Opsi kedua adalah melakukan audiensi ke Panitia Khusus #RUUKepalangmerahan dengan atau tanpa pendampingan dari Pengurus Pusat. Di sinilah kata kuncinya. Jika Pengurus Pusat yang akan kami minta informasi perkembangan dan upaya-upaya yang telah dilakukan bersedia mendampingi, maka kita berjalan bersama demi organisasi. Tetapi jika yang terjadi sebaliknya maka Relawan PMI akan bergerak sendiri dengan segala risikonya. Opsi ini sebenarnya merupakan pilihan terbaik karena akan mengembalikan kepercayaan relawan kepada pengurus selaku penanggung jawab organisasi secara formal dan legal. Minimal menurut AD/ART PMI dan aturan umum tentang penanggung jawab dalam suatu organisasi berbadan hukum.

Pada opsi kedua, kami berbagi tugas dengan Pengurus PMI Kota Jakarta Selatan yangmenyatakan dukungan penuh sejak diberitahu secara lisan dan dimintakan ijin menggunakan fasilitas untuk pergerakan Relawan PMI melalui Andi Gumilar. Baik Ketua maupun Sekretaris beberapa kali menyatakan hal itu kepada kami sewaktu bertemu informal. Bahkan saya sering berseloroh dengan Bang Adnan, bahwa selama kami tidak ”diusir”, Markas Jakarta Selatan merupakan rumah kedua. Yang pertama tentu di rumah masing-masing.

Komitmen Pengurus PMI Jakarta Selatan tidak hanya menyediakan fasilitas minimal seperti kebanyakan pengurus di kabupaten/kota lain dalam kapasitas kunjungan relawan luar daerah secara informal. Tapi maksimal, dari tempat (khususnya ruang rapat pengurus, aula dan ruang KSR), kendaraan dan lain-lain. Bahkan kami sangat sering dijamu makan pagi, siang maupun malam. Selain itu, semua orang baik Pengurus, Staf, relawan dan orang-orang yang ada di Markas Jakarta Selatan memperlakukan kami dengan sangat terhormat, ramah dan bersahabat. Suasana yang dibangung persis di rumah atau kampung halaman sendiri.

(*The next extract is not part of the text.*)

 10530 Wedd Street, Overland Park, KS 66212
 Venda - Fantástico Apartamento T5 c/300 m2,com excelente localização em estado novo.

Peran Bang Adnan sangat beragam. Mulai dari wakil tuan rumah, komunikator bagi jajaran pengurus di sekitar DKI Jakarta dan peserta audiensi dilakukan oleh beliau dengan senang. Sejauh yang kami tahu, Bang Adnan selalu mengkomunikasikan kehadiran kami kepada Bapak H.M. Muas selaku Pengurus PMI Pusat Bidang Relawan. Upaya yang tidak sekali saja dilakukan. Jadi, lebih dari cukup upaya kami untuk memberitahu dan tidak dimungkinkan mengundang baik informal, apalagi secara formal. Bukan karena takut atau sungkan, tapi untuk menjaga suasana gerakan tetap berlandaskan kemandirian dan kesukarelaan.

Perubahan besar terjadi ketika Alvis Syamsi memberitahu kepada teman-teman yang telah berkumpul di aula Markas Jakarta Selatan pada 22 November 2013 sekitar jam 8 malam. Pesan singkat yang ia kirim ke Pak Marzuki Alie tentang keinginan kami bertemu beliau di DPR RI dijawab positif sesuai rencana yaitu tanggal 3 Desember 2013. Jawaban ini diteruskan ke ponsel Pak Muas yang dibalas dengan pembicaraan. Intinya, Pengurus Pusat atau minimal beliau akan mendampingi kunjungan Relawan PMI ke Ketua DPR RI untuk menanyakan kesanggupan beliau di TKN V Malang 27 Juni 2013 yang lalu. Dari sini kami mulai mengatur caranya. Eko Legok (Sleman) banyak memberi masukan penting malam itu selain Fitri, Seto, Deni, Dodi, Alvis dan Andi. Sementara itu, Achy Setiadi (Bekasi) menyatakan kesanggupan untuk menyediakan ”tanda khusus” bagi peserta aksi dalam jumlah cukup. Aksi yang selanjutnya disebut ”konspirasi hati” tetap dipelihara sebagai aksi murni Relawan PMI se Indonesia secara mandiri dan suka rela. Relawan di wilayah Jabodetabek merupakan inti kekuatan dan didukung oleh perwakilan dari sejumlah provinsi.